Please reproduce the listing in full, exactly as given.

**DATA PROVIDED**
--- START ---
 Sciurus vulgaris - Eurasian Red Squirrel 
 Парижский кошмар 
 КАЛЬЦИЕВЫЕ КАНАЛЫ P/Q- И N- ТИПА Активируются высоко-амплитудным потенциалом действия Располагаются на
--- END ---
**ANSWER BOX**
 Sciurus vulgaris - Eurasian Red Squirrel 
 Парижский кошмар 
 КАЛЬЦИЕВЫЕ КАНАЛЫ P/Q- И N- ТИПА Активируются высоко-амплитудным потенциалом действия Располагаются на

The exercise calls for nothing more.